Право же, вот цена мужской дружбы! Эгоизм, чуточку грубости, отсутствие любопытства и презрение к тому, кто старается преуспеть в любви, — так приблизительно представлял Алишо атмосферу случайных сообществ, в которых и выдвигается вперед человек типа Хуршидова или бородатого мужа учительницы.

Но завтрашнего дня, которого так ждал Алишо, не было. Вернее, был он лишь в тряске в автобусе и в беготне по многочисленным лестницам консерватории под шум расстроенных инструментов, в лицах удивленных его назойливостью секретарш, студентов, которые и не слышали о Норе; в передышках рассматривание стенных газет с огромными басовыми ключами по краям в классах фортепьяно, виолончели, скрипки, гобоя, национальных инструментов, всюду — ответы вполголоса, через силу, невнятно — обычная экзаменационная суета. Ведь как это нелепо — в такой атмосфере, среди всех этих звуков, хорового пения, вокала, надеяться найти Нору, это ведь так противоестественно — быть и хозяином и сторожем, и гонцом и душеприказчиком своей влюбленности, и ее транжиром, ибо с каждым часом он все трезвее ощущает свою потерю, свою неспособность среди хаоса реальности хоть как-то что-то понять, пока вдруг к нему не приходит такая простая мысль: «ОН НЕ РАЗРЕШИЛ ЕЙ СЕГОДНЯ ВЫХОДИТЬ», — мысль, как выяснилось, неверная; чтобы вырваться из плотности звуковой атмосферы, он возвращается в гостиницу на такси, поторапливая шофера. А потом странный вопрос: «Подождать?» — словно шофер уверен по поведению Алишо, что надо подождать, чтобы увезти его еще куда-нибудь с такой же бешеной скоростью.

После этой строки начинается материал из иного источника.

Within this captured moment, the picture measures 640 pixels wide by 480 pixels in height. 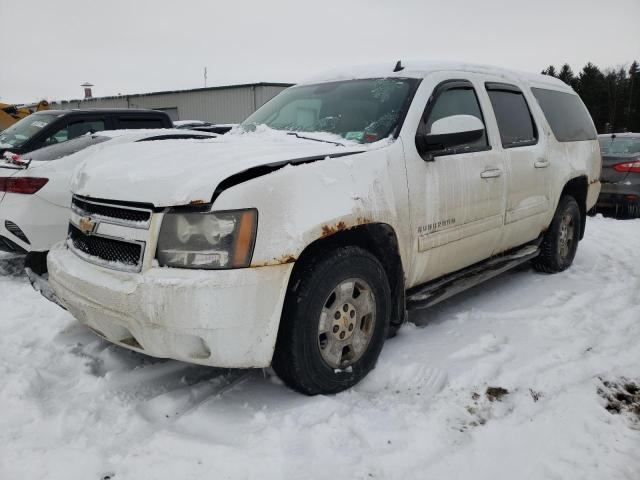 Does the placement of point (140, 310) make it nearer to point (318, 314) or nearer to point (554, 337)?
point (318, 314)

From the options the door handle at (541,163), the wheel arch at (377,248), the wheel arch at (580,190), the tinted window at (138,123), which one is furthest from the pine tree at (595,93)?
the wheel arch at (377,248)

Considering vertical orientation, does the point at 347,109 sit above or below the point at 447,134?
above

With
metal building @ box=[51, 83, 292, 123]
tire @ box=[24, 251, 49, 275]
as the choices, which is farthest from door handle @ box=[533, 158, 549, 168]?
metal building @ box=[51, 83, 292, 123]

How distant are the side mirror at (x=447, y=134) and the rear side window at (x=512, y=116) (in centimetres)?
87

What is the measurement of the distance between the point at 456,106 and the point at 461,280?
1.26 m

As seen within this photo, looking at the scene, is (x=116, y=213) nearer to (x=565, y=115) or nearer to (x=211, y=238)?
(x=211, y=238)

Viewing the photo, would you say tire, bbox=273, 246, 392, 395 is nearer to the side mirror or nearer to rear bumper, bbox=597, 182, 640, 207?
the side mirror

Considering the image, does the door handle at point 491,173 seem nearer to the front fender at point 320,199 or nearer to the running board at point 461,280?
the running board at point 461,280

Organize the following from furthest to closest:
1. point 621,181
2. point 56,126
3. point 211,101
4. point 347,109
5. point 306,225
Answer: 1. point 211,101
2. point 621,181
3. point 56,126
4. point 347,109
5. point 306,225

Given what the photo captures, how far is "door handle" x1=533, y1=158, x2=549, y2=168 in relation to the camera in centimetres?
438

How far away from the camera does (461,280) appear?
12.2 feet

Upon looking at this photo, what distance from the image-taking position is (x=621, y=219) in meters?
8.79

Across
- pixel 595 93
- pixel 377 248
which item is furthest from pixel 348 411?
pixel 595 93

Но вот продолжение консерваторской атмосферы — из ЕЕ номера, куда он постучал, выглянули другие, чужие люди. Объяснение ошеломленного юноши они слушают недоверчиво, ибо уже расположились в номере, окружив себя привезенным домашним уютом — основательно и надолго. И отсюда недоверие, из ощущения правильности каждого своего шага с той мину ты, утром, когда их сюда поселили: «Отец и дочь?»

«Уехали рано утром» — объяснение знакомой администраторши и долгий взгляд, как сочувствие, ибо и она уже знает, как и многие в гостинице, историю зарождения и конца его влюбленности. В ответ, разумеется, его спокойное: «Я так и знал», затем, как надежда, — телефонистка, согласившаяся среди множества переговорных бланков найти ЕЁ бланк с номером телефона той-тюбинского дома.

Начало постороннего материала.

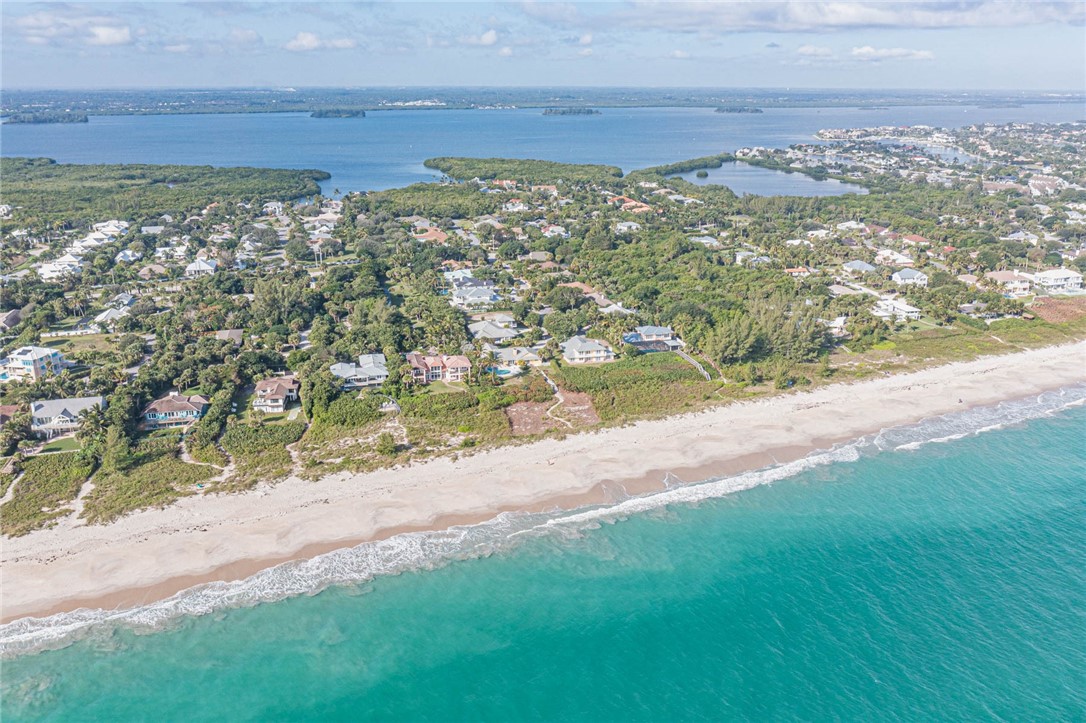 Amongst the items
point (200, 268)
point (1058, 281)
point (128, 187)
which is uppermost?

Ведь должна же была она сказать ему еще что-то, кроме: «Хорошо, я приду вечером» и «Приходи завтра в консерваторию», — еще что-то важное. Будет, конечно, ужасная слышимость, телефон затрещит, чтобы исказить ее слова. «Вы проследите за слышимостью?» Через минуту: «Вам некогда искать?» Какая досада. «Хорошо, я подойду вечером».

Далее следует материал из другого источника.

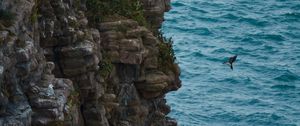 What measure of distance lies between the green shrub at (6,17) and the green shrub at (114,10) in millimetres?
9344

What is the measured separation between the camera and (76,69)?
96.5 feet

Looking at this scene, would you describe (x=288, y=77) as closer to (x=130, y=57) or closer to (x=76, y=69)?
(x=130, y=57)

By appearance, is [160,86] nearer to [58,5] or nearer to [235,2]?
[58,5]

Прогулка по скверу за углом гостиницы и гадание о том, какое будет главное, ее третье Слово, которое он услышит вечером по телефону: «Я тебе обо всем напишу», «Приезжай ко мне», «Хочешь, я приеду в твой город?» затем, близко к вечеру, — все тревожнее, не так просто: «Нет, я не смогу сейчас приехать», «Я тебе все объясню в письме», «Нет, пока не приезжай», — от мучительного сознания того, что все кончилось, что в самом начале его чувств, столь бурном, быстром, уже и был заложен скорый конец их истории и что она была дана ему, чтобы обжечь и создать в сознании Алишо еще одну тему, и как подтверждение всему этому — слова телефонистки вечером, перед тем как Алишо уже решил собирать чемодан: «Нет, ничего не нашла».